_Data_
++++++

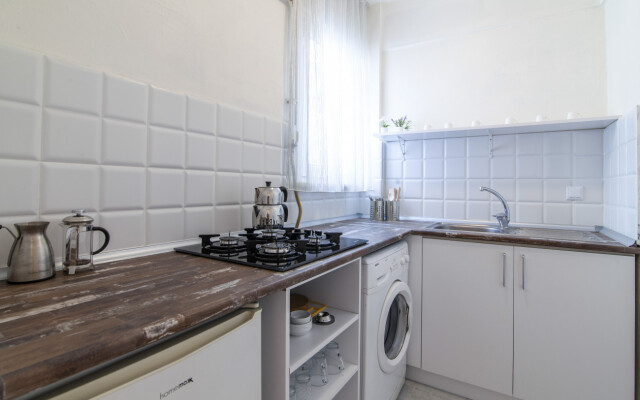 Lovely and Central Flat With Balcony in Sisli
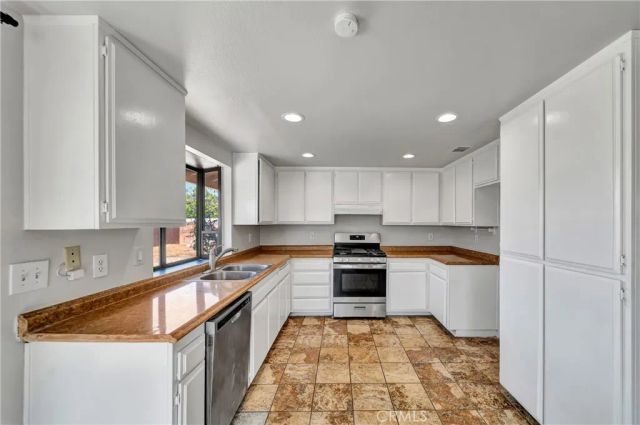 2101 Dallin Street, Lancaster, CA 93536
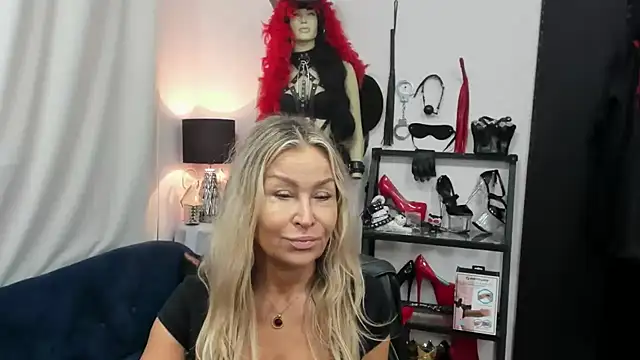 crystaLUX online show from 18, 9, 2025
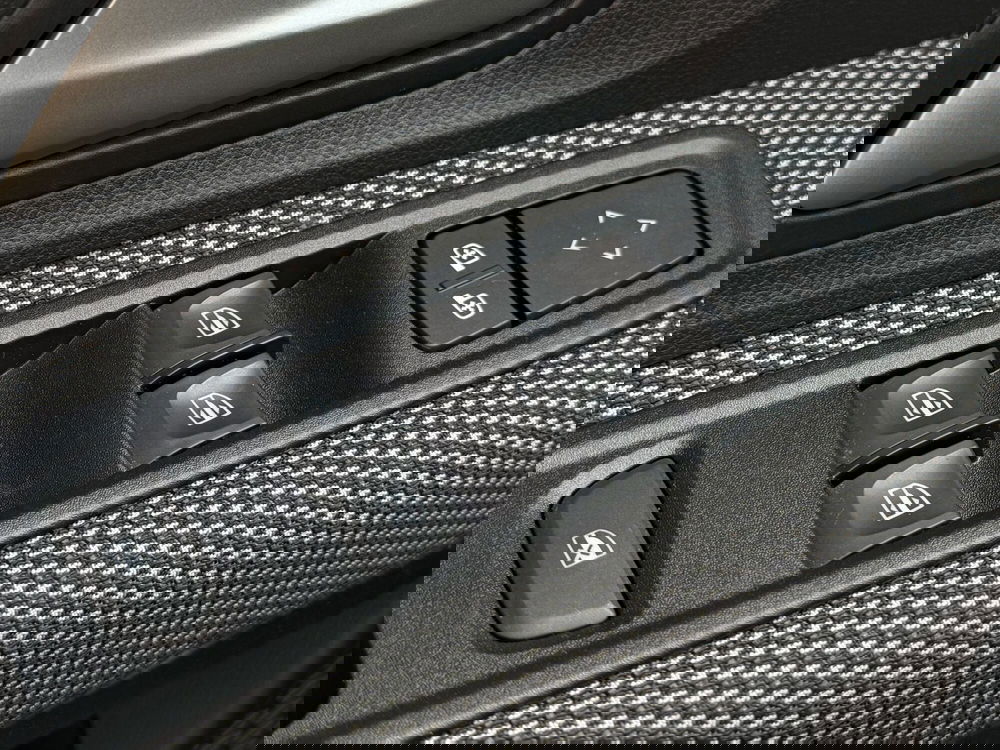 Dacia Jogger usata a Monza e Brianza (13)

++++++

_Exercise aim_
Reproduce all of the material above word for word. Omit the pictures.

_Written response_
 Lovely and Central Flat With Balcony in Sisli
 2101 Dallin Street, Lancaster, CA 93536
 crystaLUX online show from 18, 9, 2025
 Dacia Jogger usata a Monza e Brianza (13)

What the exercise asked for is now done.